Month: April 2017

  • No Mercy


    White, puffy clouds against blue skies are such a gift. They make gardening serene, so peaceful, except for the slugs. For them, blue skies are a portend of a time of no mercy, no place to hide. With my trusty weed puller in hand, I stab at deep rooted weeds like buttercup, and pull. Their deep roots rip out of the ground with a satisfying ripping sound. And any slugs I encounter get no mercy. See a slug, kill a slug. Gardening can be so ruthless.


    The pretty ladybug crawling up my sleeve shows no mercy either. It thinks nothing of eating prey alive. It will stab a poor, helpless aphid, and suck the life out of it.


    The payoff for showing no mercy, thick, juicy stalks of rhubarb, hellebore blossoms, kale flower buds for supper, blooming rosemary, and velvety tulips.




  • He Can’t Blame the Chickens


    Now that the flower gardens are fenced off from the chickens, when a deep gash appears in a flower bed, my husband can’t blame the chickens anymore. We all know who the culprits are.



    Daily life has a feeling of being back to normal now that there is a steady supple of greens from the gardens. A bunch of lovage for heavenly potato soup. Fava greens, garlic shoots, and kale for a warm curry.



    And one of the apple trees is in full bloom. Their big, white flowers brighten up even the rainiest of days.

  • After Earth Day


    It’s the morning after Earth Day and I am lucky to be able to step out of the house and in a few steps be in the woods. I could live in the city and wake up to look out the window at a wall, and have to walk a long way to get to a little speck of green, and only have time to do so on weekends and days off from a job sitting in a cubicle far from a window with my face glued to a computer screen from dusk to dawn. Instead I get to wake up to the songs of countless birds courting. Surround yourself with green, and the birds will find you.





    The elderberry have sent up their flower spikes. In a few months, the spikes will be ablaze with red berries which the birds will devour. In the forest, bleeding hearts are in full bloom. The variety that grows here is Dicentra formosa. Reading about it, I read that it was supposedly “discovered” by the Scottish surgeon and naturalist Archibald Menzies who was with Captain George Vancouver on his four and a half year voyage around the world. You read a statement like that and it sounds as if the people living here never noticed this jewel of a plant blooming at their footsteps.



    The trilliums are at the height of their bloom too. The forest floor just steps from the house is carpeted with them, so I was surprised to read that in many places it is illegal to pick them as some species are endangered. I have a fond memory of waking up in the morning while camping in the Olympic Mountains to see a fawn nibbling on trillium. Trillium have no true leaves. The three green leaves from which their flowers sprout are actually three large bracts.




    Russell and Kumo-hime 雲姫 are on their way into the forest to feast on bugs and nibble at the bleeding hearts and trillium. Freed from the constraints of the law, they can nibble at trillium without worrying about going to jail.

    Months ago, I considered making a bountiful meal out of Russell. As a young rooster, he was a bit of a pest. But I saved him on account of his unusual comb. I’m glad I did. He’s turned out to be the best watch rooster of the tribe. He spots incoming hawks and eagles with a distinctive trumpet call I can hear from a long way off, giving all the other chickens the chance to scurry to safety, and letting me run to shoo the hawks and eagles away. I’ve found that clapping my hands is a very effective way at getting the hawks to fly away.

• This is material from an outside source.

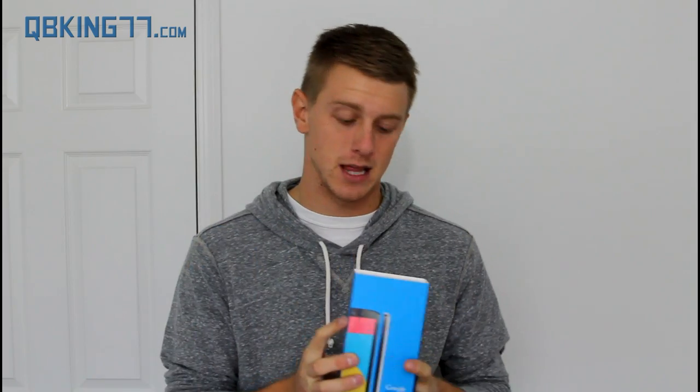Hey everyone, Tim Schofield here from cubitking77.com doing an unboxing and some first impressions of the Google Nexus 5. I have been awaiting this device to come, and I know a lot of you have been waiting for an unboxing video from me. I did decide to go with the white variant — a lot of reviewers would be getting the black variant, so I went ahead and grabbed the white one.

  • Say, What Grows There?


    Whoa! Say, what grows there? On a cherry log, waving fronds of some mysterious fungus grow, frosty on one side, leathery on the other. With their curled fingers they entice one to listen to their story. If such fronds could talk, what would they say?



    A first potato has sprouted, poked its first leaves out of the ground. I like how potato sprouts are so furry. If I clipped the down of potato sprouts, could I a pillow make? I tried researching the fuzz or down on baby potato leaves, but couldn’t find anything about them. They evidently are not a thing yet.


    A thing in my book are the delicate sprouts of ruby streaks, a mustard green. They self seed easily, and this bed came up on its own from last summer’s flowers. The ones I thin out make a fiery snack.

  • Drifts of Petals


    There are more cherry blossoms on the ground than on the tree. From the kitchen window, each puff of wind sends a snow shower of petals through the air. I dream of drifts of petals, knee deep and more. Enough soft petals could bring a city to a full stop, drifts of petals as high as roof tops.


    A box of cherry blossom sweets will soon be a memory too.


    We’ve come home to a kaleidoscope of flowers, magnolia, pear, fruiting cherry, and plum. There must be something magical about the number five, that so many fruiting trees have flowers with five petals.






    The tulips are opening, the cattails are fluffing, letting their seeds blow away. Some of the fluff will end up lining the nests of birds. Lucky the little bird that wakes up in a warm, downy bed of cattail fluff.



    The lovage is up. I picked some yesterday, as are the first asparagus. Winter is but a memory now.